◆ SOURCE RECORDS ◆
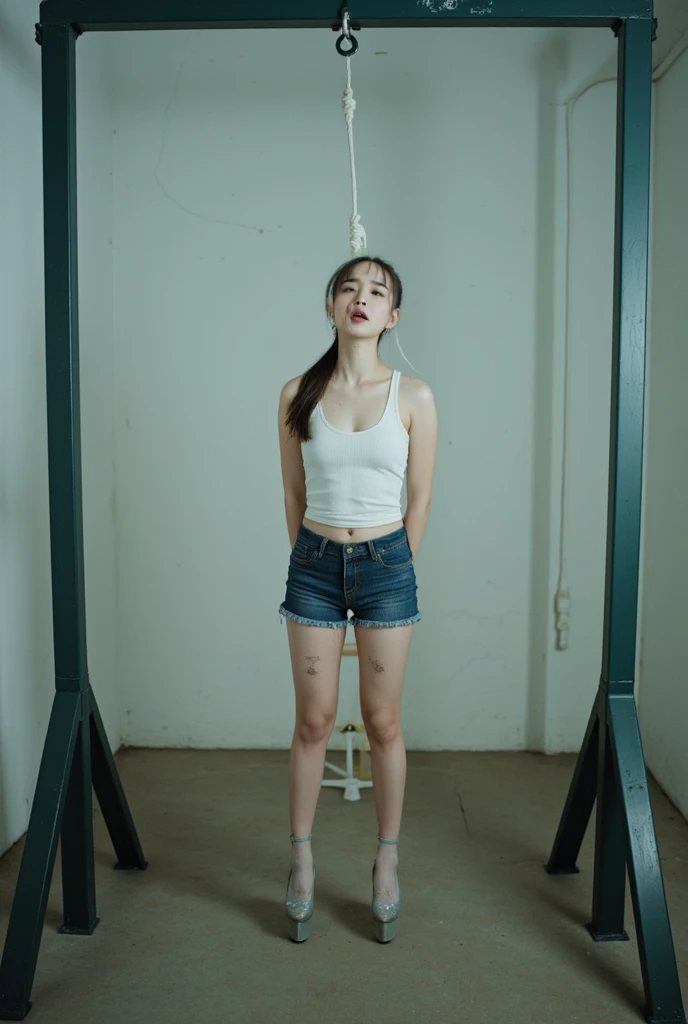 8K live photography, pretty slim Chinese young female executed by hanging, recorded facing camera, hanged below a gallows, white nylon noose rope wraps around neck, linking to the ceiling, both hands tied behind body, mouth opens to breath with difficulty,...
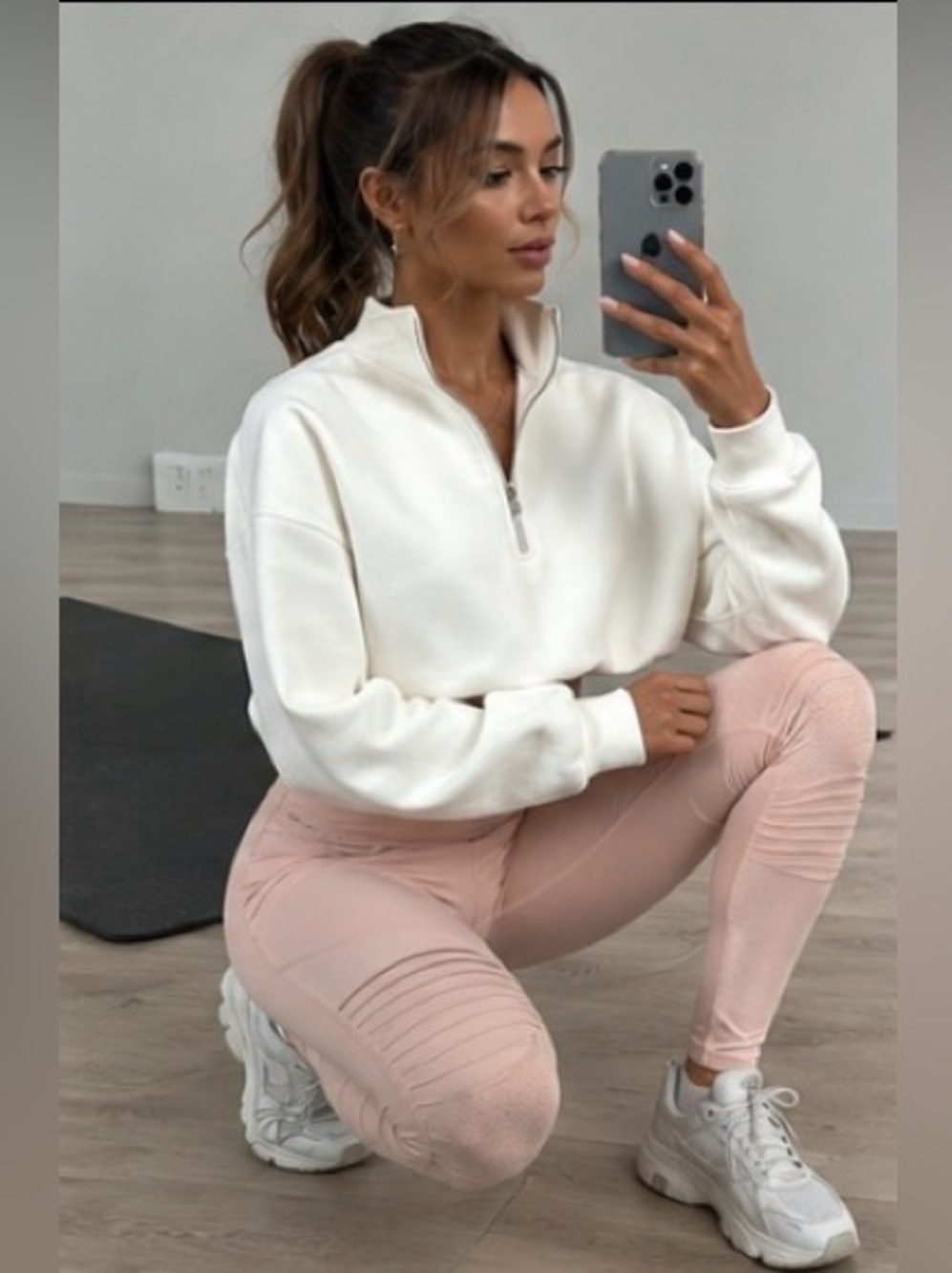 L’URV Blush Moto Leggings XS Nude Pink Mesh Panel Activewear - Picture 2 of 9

* * *

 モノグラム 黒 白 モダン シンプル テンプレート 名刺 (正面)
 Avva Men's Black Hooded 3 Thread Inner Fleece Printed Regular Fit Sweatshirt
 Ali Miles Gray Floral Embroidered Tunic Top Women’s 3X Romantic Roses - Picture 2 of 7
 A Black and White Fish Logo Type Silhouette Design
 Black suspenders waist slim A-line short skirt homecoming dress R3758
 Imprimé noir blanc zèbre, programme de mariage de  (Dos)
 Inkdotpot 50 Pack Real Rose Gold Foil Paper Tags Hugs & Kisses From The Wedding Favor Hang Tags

* * *

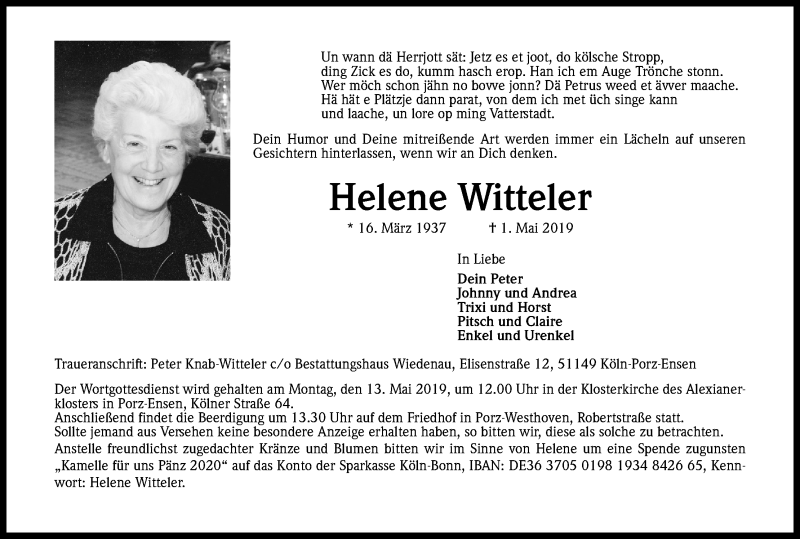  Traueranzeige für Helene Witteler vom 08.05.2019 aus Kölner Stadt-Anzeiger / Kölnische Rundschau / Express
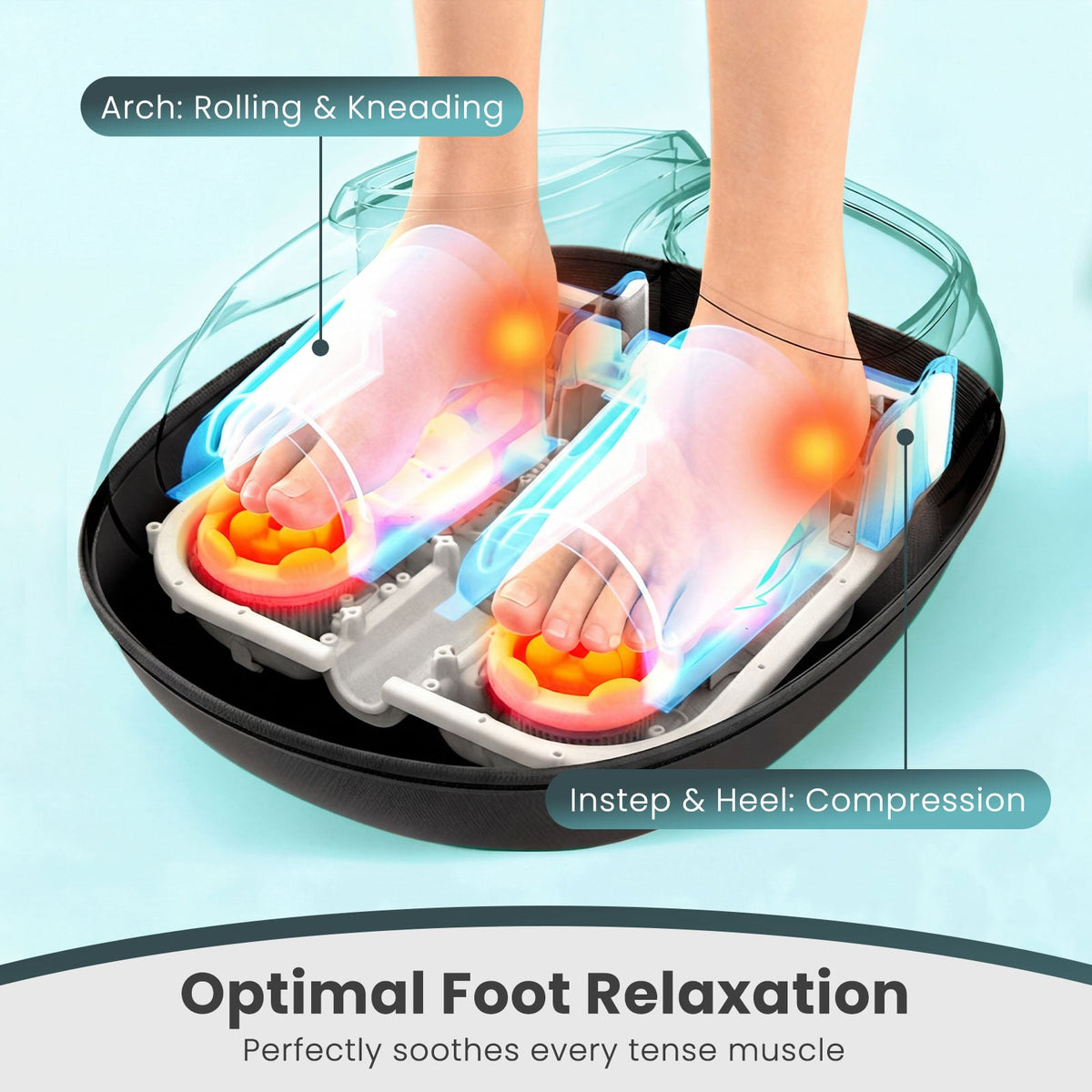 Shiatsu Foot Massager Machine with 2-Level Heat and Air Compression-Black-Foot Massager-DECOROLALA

◆ AIM OF THE EXERCISE ◆
Starting at the line above that holds "Traueranzeige für Helene", repeat every line exactly down to and including the line that holds "Shiatsu Foot Massager", then stop. Do not carry over any pictures.

◆ THE COMPLETED TASK ◆
  Traueranzeige für Helene Witteler vom 08.05.2019 aus Kölner Stadt-Anzeiger / Kölnische Rundschau / Express
 Shiatsu Foot Massager Machine with 2-Level Heat and Air Compression-Black-Foot Massager-DECOROLALA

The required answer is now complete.